Des Coleman has been to the wild, heather covered hillsides of the Staffordshire Moorlands, to hear about the challenges faced by those who protect the landscape, but also how they're trying to overcome them.
I think the first thing to say about the Peak District National Park is that after lockdown they are even more beautiful and bewildering than ever before.
We couldn’t have had a more perfect day on which to film. The air was crystal clear and landscape so vast it seemed to stretch beyond the horizon, undulating and gently sprinkled with ruby reds, blushing blues, fractured greens and gold.
But now to the more serious matter of why we were there. In short - man’s impact on our dear old Peak District.
Fires on the Roaches in 2018
Chris Dean from Moors for the Future told me,
The Peak District stretches for hundreds of miles across many counties.
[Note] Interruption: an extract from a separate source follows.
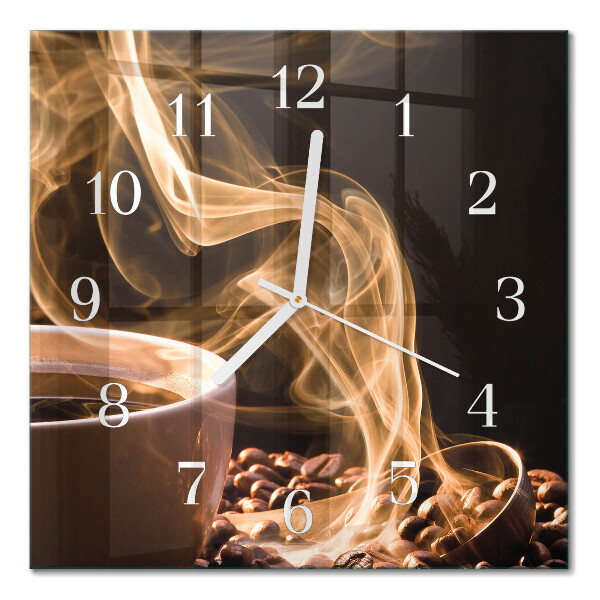 Square kitchen clock A cup of coffee
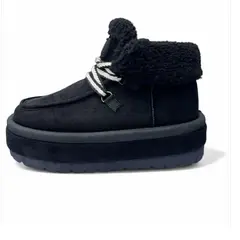 BOTELI - Bota para Mujer Negro Gamuza Chiporro Invierno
Its underpinned by peat, a natural soil deposit of partially decayed vegetation and organic matter that promotes growth in wildlife and horticulture.
It adds stability to the hills, as well as trapping over 400million tonnes of CO2. All of this and it still affords us a picturesque backdrop.
But, formed thousands of years ago through the movement of tectonic plates and glaciers, it is extremely vulnerable when it comes to a change in our climate.
It is currently being bombarded with an ever-changing weather story, that we as humans are creating by adding carbon to the air, deforestation and urbanisation.
But as you will see, it's not all bad.
Chris tells me, "This is an example of human beings using their fantastic intervention to actually get it right and start to change that climate change story around."
They are increasing the growth of a special type of moss which holds 20 times its own weight in water to combat flooding.
They're putting in place artificial gullies which slow the flow of water down, so reducing the amount of erosion.
And the wildlife and vegetation are returning, three years on from those devastating wildfires.
"The environmental story where we started, twenty years ago, was that this is the most degraded upland environment, upland landscape anywhere in Europe. That's not the story now."